Citation427 F.3d 1061
PartiesQWEST CORPORATION, a Colorado corporation, Plaintiff-Appellee/Cross-Appellant, v. THE MINNESOTA PUBLIC UTILITIES COMMISSION; R. Marshall Johnson, in his official capacity as a member of the Minnesota Public Utilities Commission; Leroy Koppendrayer, in his official capacity as a member of the Minnesota Public Utilities Commission; Phyllis Reha, in her official capacity as a member of the Minnesota Public Utilities Commission; Gregory Scott, in his official capacity as a member of the Minnesota Public Utilities Commission; Defendants-Appellants/Cross-Appellees, CLEC Coalition; AT & T Communications of the Midwest, Inc., Intervenors Below-Appellants/Cross-Appellees.
CourtU.S. Court of Appeals — Eighth Circuit

Before RILEY, LAY, and FAGG, Circuit Judges.

LAY, Circuit Judge.

Minnesota Public Utilities Commission and Intervenors CLEC Coalition and AT & T Communications of the Midwest, Inc. (collectively, "MPUC" or "Commission") appeal the district court's1 decision that MPUC lacks the authority under Minnesota law to order Qwest Corporation ("Qwest") to comply with restitution for competitive local exchange carriers that were not parties to unfiled interconnection agreements. Qwest cross-appeals, challenging the decision affirming the Liability Order and Penalty Orders' $25.95 million penalty. We conclude that MPUC lacks the authority to order restitution under Minnesota law. However, we find that MPUC properly ordered the $25.95 million penalty. Therefore, we affirm.

I.

MPUC issued a liability order and two penalty orders against Qwest for alleged violations of the 1996 Telecommunications Act ("Act"). The Act was intended to create competition between carriers in local telecommunication service markets, which had been traditionally dominated by a single monopoly carrier. Incumbent local exchange carriers ("ILECs"), such as Qwest, own the network infrastructure necessary to provide local telephone service. The Act allows competitive local exchange carriers ("CLECs") to access this infrastructure by entering into agreements with an ILEC. Interconnection agreements ("ICAs") between an ILEC and CLECs must be submitted to the MPUC for approval. 47 U.S.C. § 252(a), (e). The terms of these ICAs must be made available to other CLECs that are not parties to the original agreement. See id. § 252(i). Non-party CLECs can then opt in and incorporate the provisions of the original agreement in their entirety into their own ICAs. 47 C.F.R. § 51.809(a).

On February 14, 2002, the Minnesota Department of Commerce filed a complaint against Qwest alleging that Qwest had formed secret ICAs with CLECs that were not properly submitted to MPUC. The complaint asserted that Qwest's failure to disclose discriminated against other non-party CLECs because these CLECs were not given access to the terms contained in the secret ICAs.

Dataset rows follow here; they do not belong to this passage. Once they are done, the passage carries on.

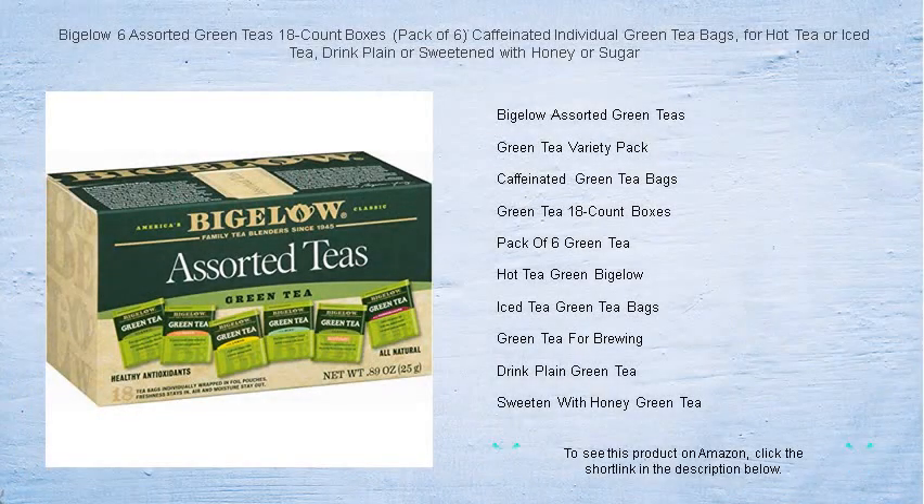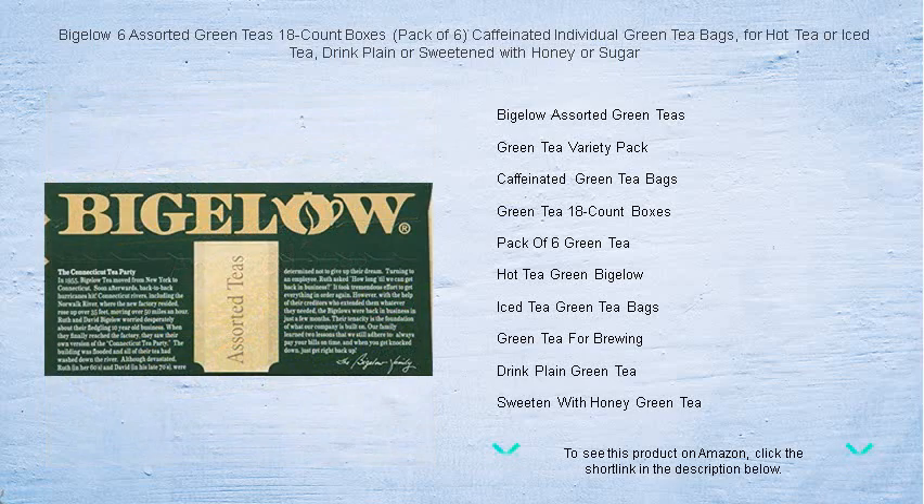Discover the perfect harmony of wellness and flavor with Bigelow's Assorted Green Teas Collection. Delight in the variety of six distinctive blends, curated across 18 count boxes, bundled in a convenient pack of six for tea enthusiasts everywhere.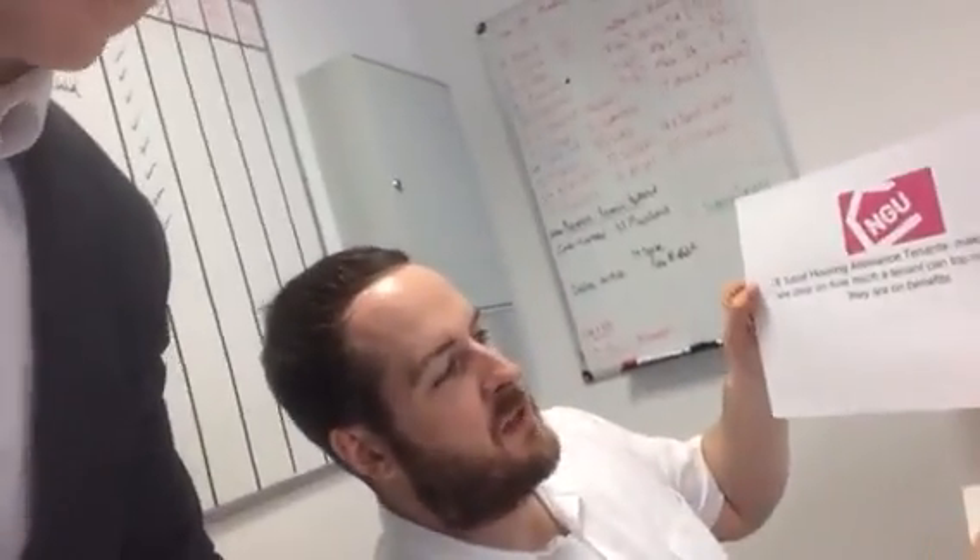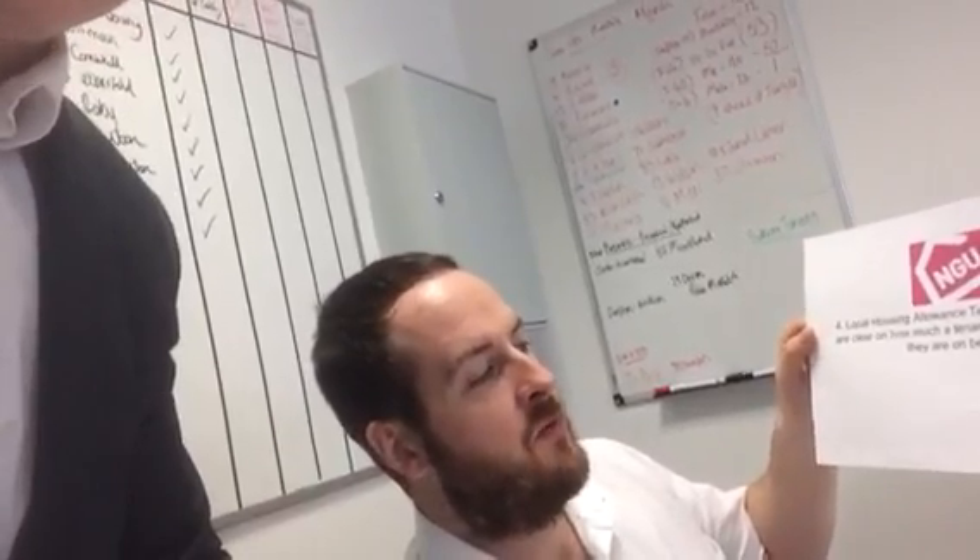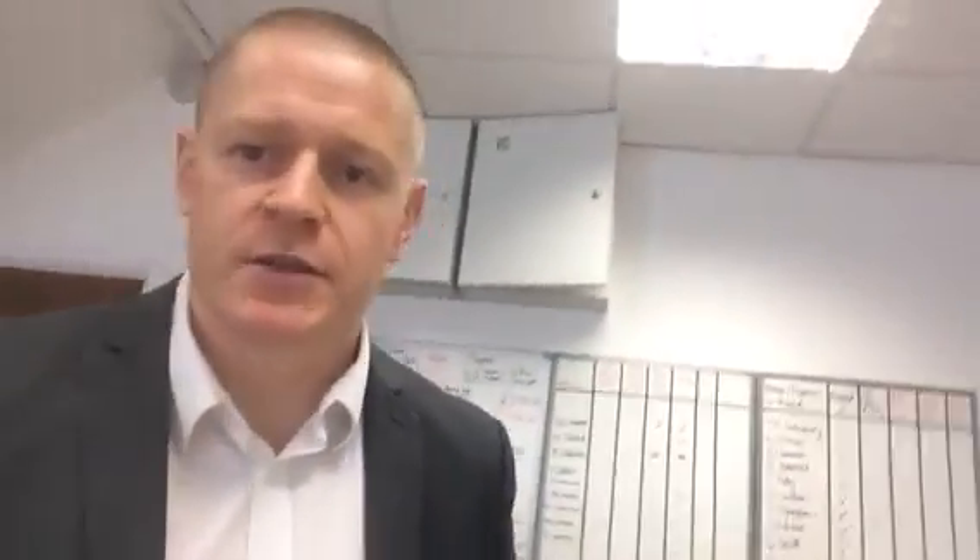Next point, Aaron: local housing allowance tenants — make sure you are clear on how much the tenant can top up with their rent if they are on benefits. That's key. For example, if your housing benefit is £495 and the rent is £600, do you want to get the tenant to top up by £100? Think about your contribution.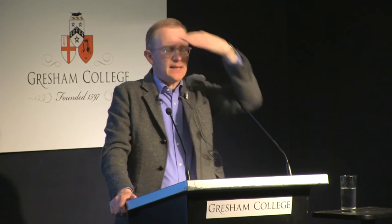Did Wren try out and experiment with his idea for the dome of St Paul's at any of the city churches? I think he might have done at St Stephen's Walbrook, is that right? Yes, that's absolutely correct.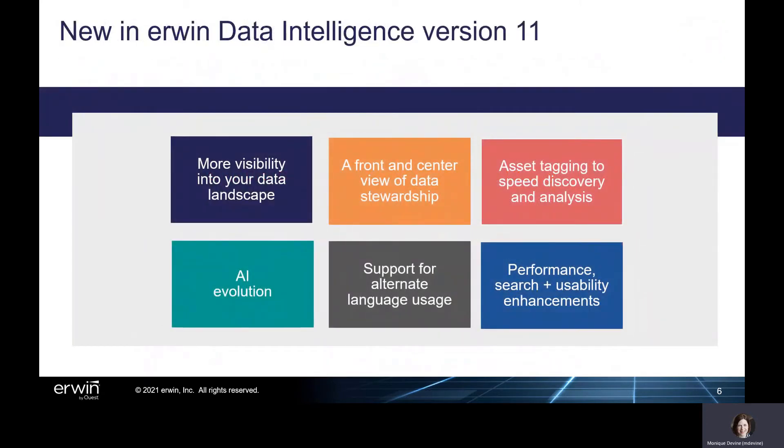Version 11, the latest release of Erwin Data Intelligence, adds more capabilities to expand data visibility and move data governance efforts forward, including new visibility to understand the composition of your data landscape and the key attributes to better manage it, a front and center view of the data stewardship activities that drive data governance, and new asset tagging capabilities to shorten discovery time, group for analysis, and lay the foundation for future automation. Version 11 also provides AI optimization that expands and increases accuracy of data asset discovery, alternate language support for customers using the SQL Server version of Erwin Data Intelligence, and performance search and usability enhancements to simplify and speed daily workflows. Let's take a closer look at what's included within this latest release.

On March 12, 2002, the Commission referred the case for contested case proceedings before an administrative law judge ("ALJ").

On November 1, 2002, MPUC issued a liability order adopting the ALJ's findings that Qwest knowingly and intentionally violated §§ 251 and 252 of the Act by failing to file twelve ICAs. The unfiled ICAs included six agreements with Eschelon Telecom, Inc., three with McLeodUSA Telecommunications Service, Inc., and one each with Covad Communications Company, USLink, Inc., and a group of ten smaller CLECs. MPUC found that Qwest "knowingly and intentionally" violated both federal and state law by failing to file the twelve ICAs, thereby creating discriminatory conditions on resale and infringing state anti-discrimination statutes. The MPUC imposed a $25.95 million penalty against Qwest and granted restitutional relief for the injured CLECs based upon its interpretation of state statutes.

Qwest brought suit in district court, challenging the liability order and the penalty order. The district court vacated the order for restitutional relief, holding that MPUC lacked either the express or implied authority under Minnesota law to grant restitution. However, the district court upheld the $25.95 million penalty, finding that it was valid under Minn.Stat. § 237.462.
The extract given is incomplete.